This request, submitted Wednesday, stems from Giuliani’s ongoing defamation despite a prior injunction forbidding him from making such statements, Forbes reports.
A federal judge has ordered Giuliani to respond by December 2, with a hearing set for December 12.
On Thursday, Rudy Giuliani challenged the judge’s ruling from last month, which required him to hand over most of his assets to the two Georgia election workers, per a news report by The Hill.
In May, Giuliani agreed to stop making false allegations related to the 2020 election and its results.

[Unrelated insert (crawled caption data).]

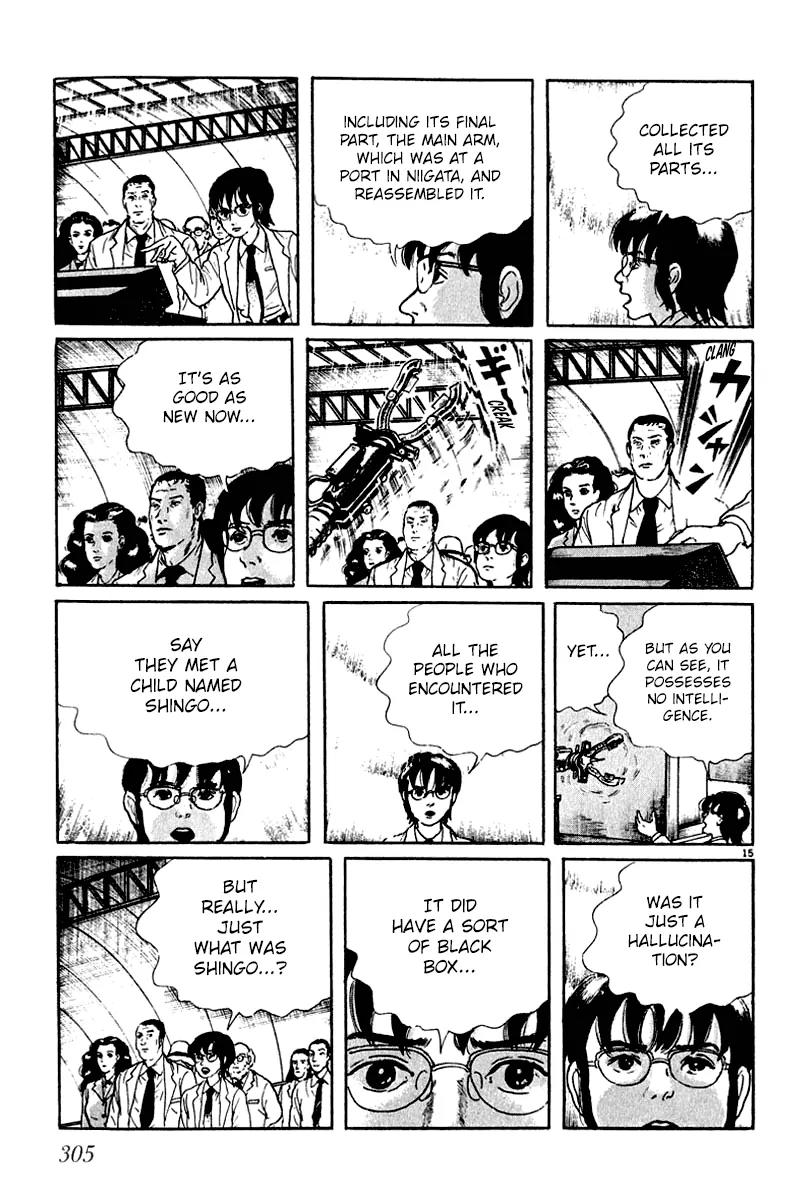 Watashi wa Shingo Chapter 7.0 page 304 - Vol.7 Chapter 0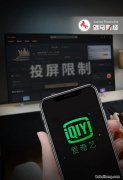 爱奇艺黄金会员能不能投屏到电视 爱奇艺黄金会员能不能投屏电脑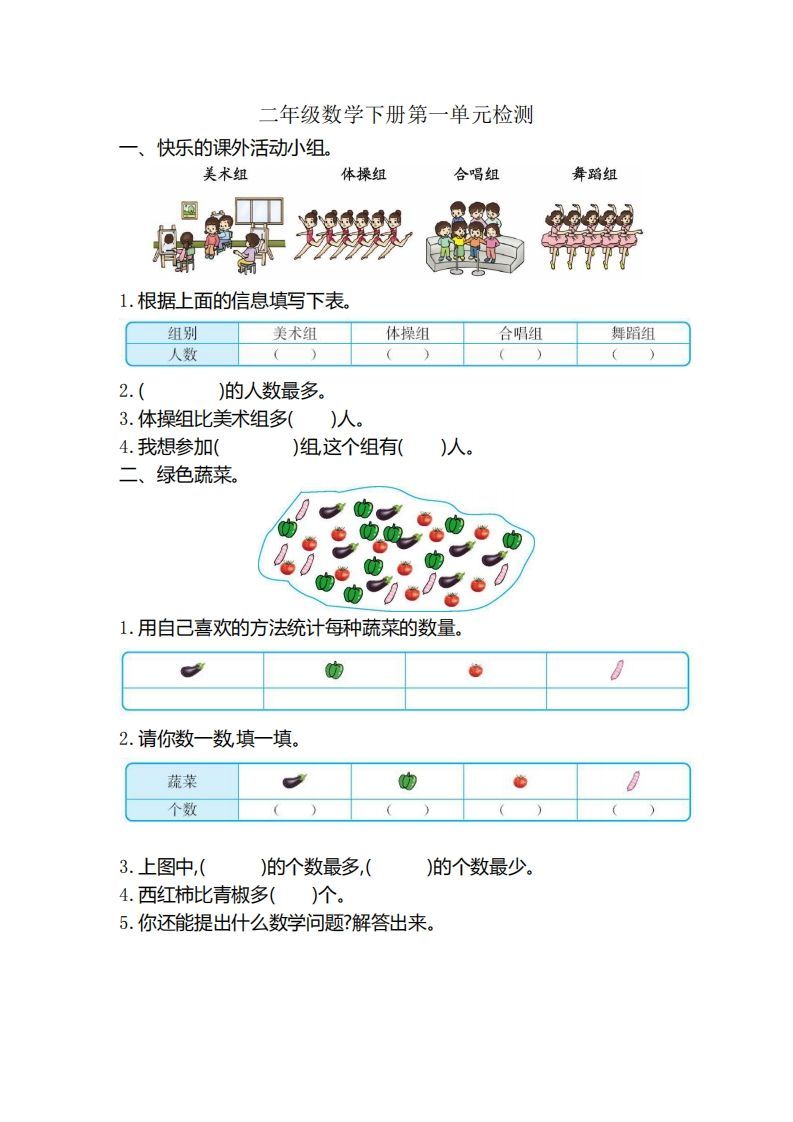 二下人教版数学第一单元检测卷2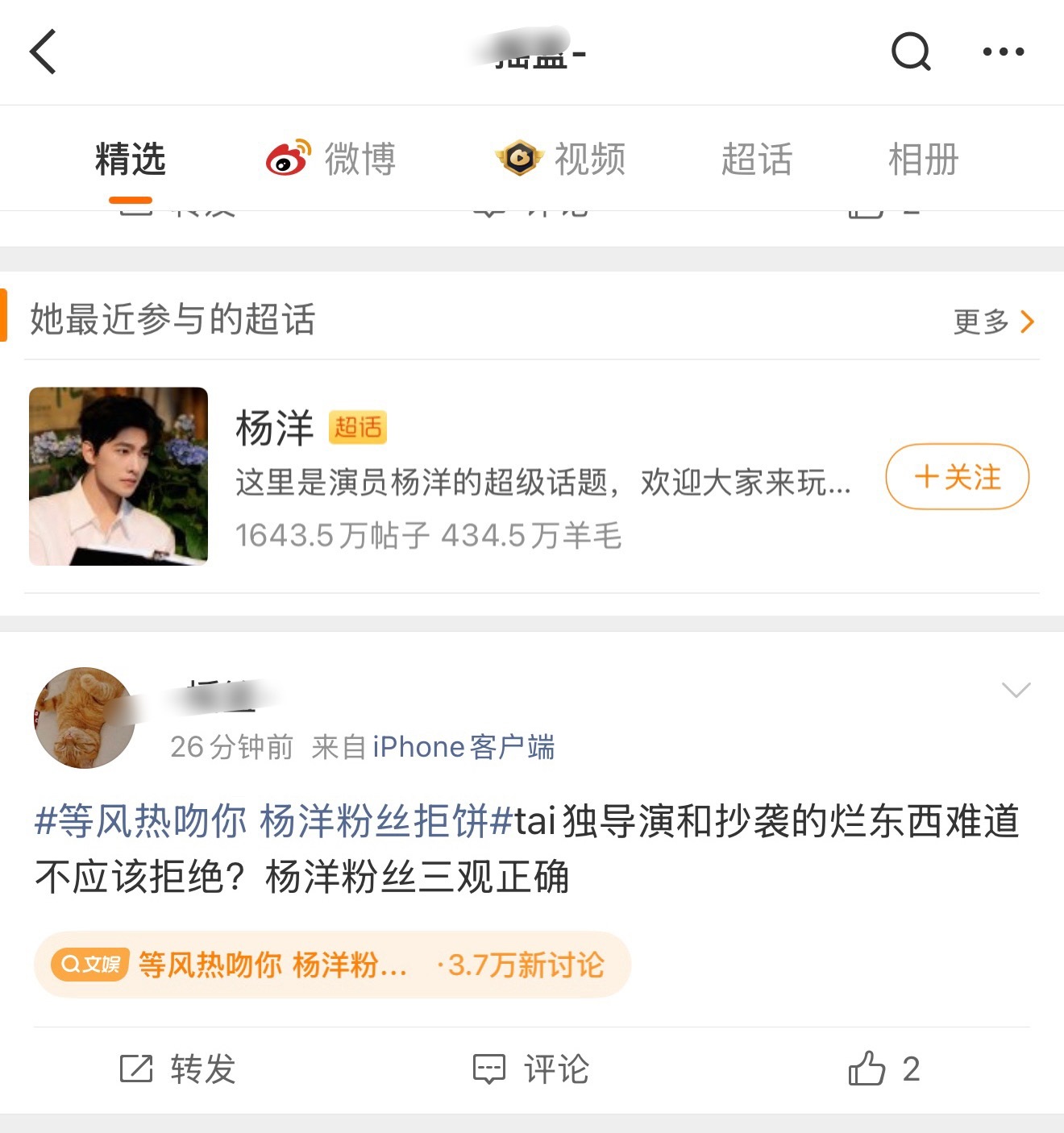 杨洋粉丝就这样踩导演踩原著作者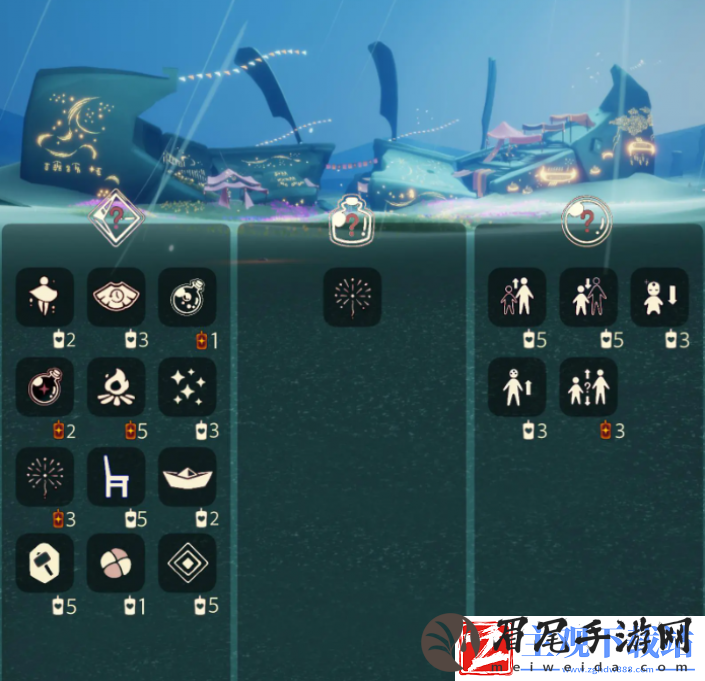 光遇5.27免费魔法有什么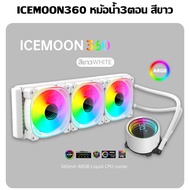ชุดน้ำCPUระบบปิด มีจออุณหภูมิ ระบบไฟARGB ICEMOON 3D Temperature Monitor 5V ARGB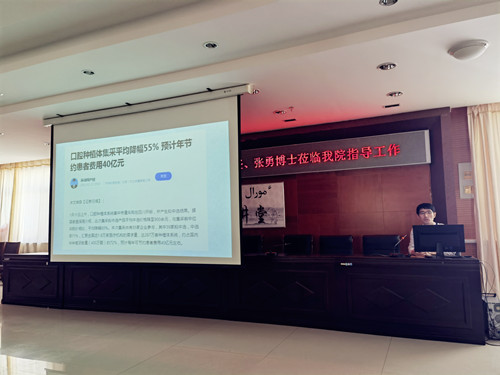 在托里县人民医院讲课2_副本.jpg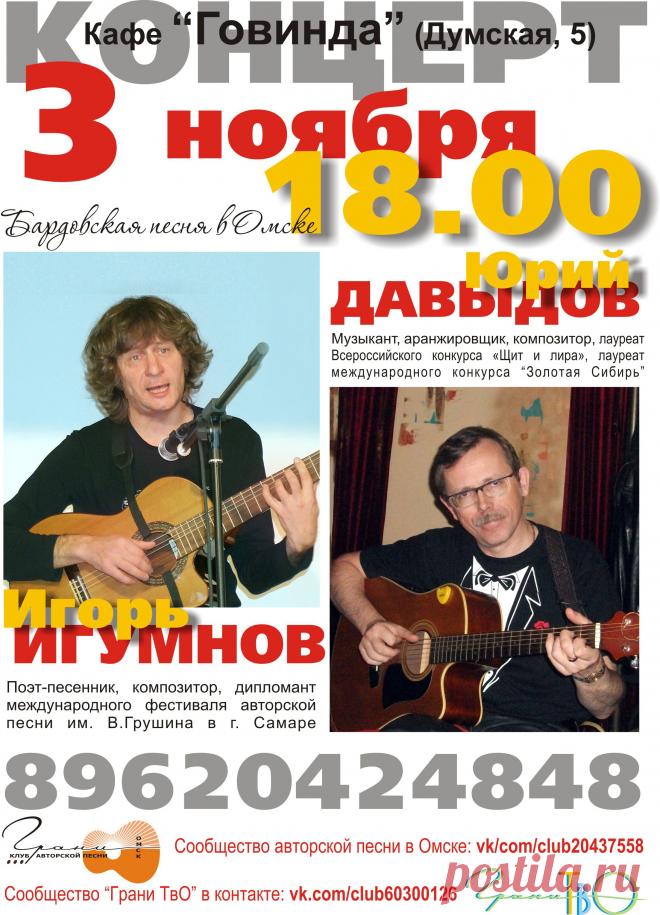 "Ноябрины" - концерт Игоря Игумнова, поэта-песенника, композитора, дипломанта международного фестиваля песни им. В. Грушина (г. Самара) и Юрия Давыдова, музыканта, аранжировщика, композитора, исполнителя романсов, эстрадных и авторских песен, лауреата Всероссийского конкурса "Щит и лира" и международного конкурса "Золотая Сибирь" состоится 3 ноября 2013 года в 18 часов в кафе "Говинда" на Думской, 5. Звоните и заказывайте столики. Цена билета 250 руб.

Now, the election workers are seeking sanctions against Giuliani after he failed to honor the terms of this agreement, continuing to falsely accuse Freeman and Moss of wrongdoing, including baselessly claiming that they had “quadruple counted” ballots—a claim for which there is no evidence,
Giuliani allegedly doubled down on his false claims during his online show last week, defiantly shrugging off the threat of another lawsuit. He declared, “What am I going to do but tell the truth?” Forbes writes, quoting Giuliani.
These statements directly violate the court order he had previously agreed to.
As a result of Giuliani’s defamation, he was ordered to pay Freeman and Moss $148 million.
However, after declaring bankruptcy, he has been forced to begin turning over his assets to satisfy the judgment, including his car and New York City apartment.
Freeman and Moss are now asking the court to enforce penalties on Giuliani, potentially including further damages.
Giuliani’s spokesperson, Ted Goodman, has called the motion an attack on Giuliani’s First Amendment rights, insisting that he should be able to defend himself, Forbes adds.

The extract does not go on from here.